Work to be completed:
Every record must be reproduced exactly. Leave none out.

[Stored dataset items]
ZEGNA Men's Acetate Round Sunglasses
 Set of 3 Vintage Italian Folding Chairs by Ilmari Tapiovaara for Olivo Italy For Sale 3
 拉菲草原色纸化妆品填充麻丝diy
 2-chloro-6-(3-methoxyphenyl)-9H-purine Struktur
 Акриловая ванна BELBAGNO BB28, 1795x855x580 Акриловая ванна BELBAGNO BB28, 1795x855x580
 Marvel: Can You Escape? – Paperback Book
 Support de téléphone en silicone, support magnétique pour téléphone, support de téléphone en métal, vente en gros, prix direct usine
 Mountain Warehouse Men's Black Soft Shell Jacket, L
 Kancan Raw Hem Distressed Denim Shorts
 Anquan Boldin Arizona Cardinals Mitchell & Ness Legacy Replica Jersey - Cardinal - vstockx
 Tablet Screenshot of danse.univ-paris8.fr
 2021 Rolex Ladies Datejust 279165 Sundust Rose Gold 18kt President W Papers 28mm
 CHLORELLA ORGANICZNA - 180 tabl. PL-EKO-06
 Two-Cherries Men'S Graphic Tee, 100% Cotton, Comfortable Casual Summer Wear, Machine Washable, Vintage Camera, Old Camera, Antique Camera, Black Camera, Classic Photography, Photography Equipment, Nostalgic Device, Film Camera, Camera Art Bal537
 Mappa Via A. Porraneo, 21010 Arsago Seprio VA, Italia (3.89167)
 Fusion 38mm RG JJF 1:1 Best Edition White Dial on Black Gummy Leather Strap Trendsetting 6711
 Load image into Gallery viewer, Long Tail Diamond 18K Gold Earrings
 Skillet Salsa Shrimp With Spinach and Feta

Exercise solution:
ZEGNA Men's Acetate Round Sunglasses
 Set of 3 Vintage Italian Folding Chairs by Ilmari Tapiovaara for Olivo Italy For Sale 3
 拉菲草原色纸化妆品填充麻丝diy
 2-chloro-6-(3-methoxyphenyl)-9H-purine Struktur
 Акриловая ванна BELBAGNO BB28, 1795x855x580 Акриловая ванна BELBAGNO BB28, 1795x855x580
 Marvel: Can You Escape? – Paperback Book
 Support de téléphone en silicone, support magnétique pour téléphone, support de téléphone en métal, vente en gros, prix direct usine
 Mountain Warehouse Men's Black Soft Shell Jacket, L
 Kancan Raw Hem Distressed Denim Shorts
 Anquan Boldin Arizona Cardinals Mitchell & Ness Legacy Replica Jersey - Cardinal - vstockx
 Tablet Screenshot of danse.univ-paris8.fr
 2021 Rolex Ladies Datejust 279165 Sundust Rose Gold 18kt President W Papers 28mm
 CHLORELLA ORGANICZNA - 180 tabl. PL-EKO-06
 Two-Cherries Men'S Graphic Tee, 100% Cotton, Comfortable Casual Summer Wear, Machine Washable, Vintage Camera, Old Camera, Antique Camera, Black Camera, Classic Photography, Photography Equipment, Nostalgic Device, Film Camera, Camera Art Bal537
 Mappa Via A. Porraneo, 21010 Arsago Seprio VA, Italia (3.89167)
 Fusion 38mm RG JJF 1:1 Best Edition White Dial on Black Gummy Leather Strap Trendsetting 6711
 Load image into Gallery viewer, Long Tail Diamond 18K Gold Earrings
 Skillet Salsa Shrimp With Spinach and Feta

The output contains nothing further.